My husband is much taller than I am, and my body was overworking to try to keep up with him. I slowly dropped back, and as he turned to look at me, I gave him a thumbs up and said, “You’re good!” and off he ran!
He finished his race well before me. When I crossed the finish line, he was there cheering me on. Afterwards, I explained how I couldn’t sustain the pace he was running, which was why I dropped back. He responded that he, too, felt like he couldn’t sustain the (slower) pace I was running.
Although we were trying to support each other and run the race together, side-by-side, it wasn’t beneficial for either of us. I was moving too fast for my body, and he was moving too slow for his. Instead running the race together and supporting each other at our own pace, turned out to be much more beneficial for both of us.
Isn’t this the truth for life too? We aren’t called to “keep up” with our neighbor or friends, we’re called to support and encourage one another. Paul urged the citizens of Thessalonica to “Therefore encourage one another and build each other up…” (1 Thessalonians 5:11).
Because our “races” all look so differently, trying to do what others do isn’t always what God is calling us to. We’re called to run our own race, and that race is different from everyone else’s. It has different trials and hardships– different highs and lows. In running our own race, with its own ups and downs, we’re given the chance to produce endurance, at our own pace, and “endurance produces proven character, and proven character produces hope” (Romans 5:4).
So in running our own races, let us encourage one another. Let us be the hands and feet of Jesus Christ for each other. Let us cheer each other on. It is not a competition. In running at our own pace, we get the prize of finishing the work that God has called us to.

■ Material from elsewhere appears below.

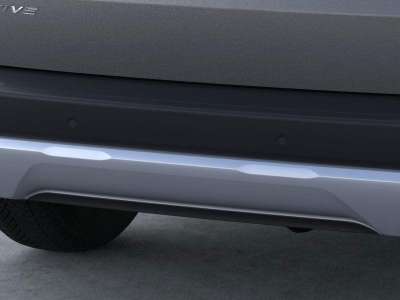 New 2026 Ford Escape for sale in St. Joseph MO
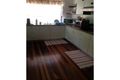 Property photo of 61 Helen Street Cooktown QLD 4895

Wherever you are, it’s OK to slow down or speed up, based on what God has called you to. It’s OK to bow out of a race or comparison game that someone has you trapped in. We will only succeed when we run the race at the pace God has called us to. “For we are His creation, created in Christ Jesus for good works, which God prepared ahead of time so that we should walk in them” (Ephesians 2:10).
I hope you have a great weekend, friends!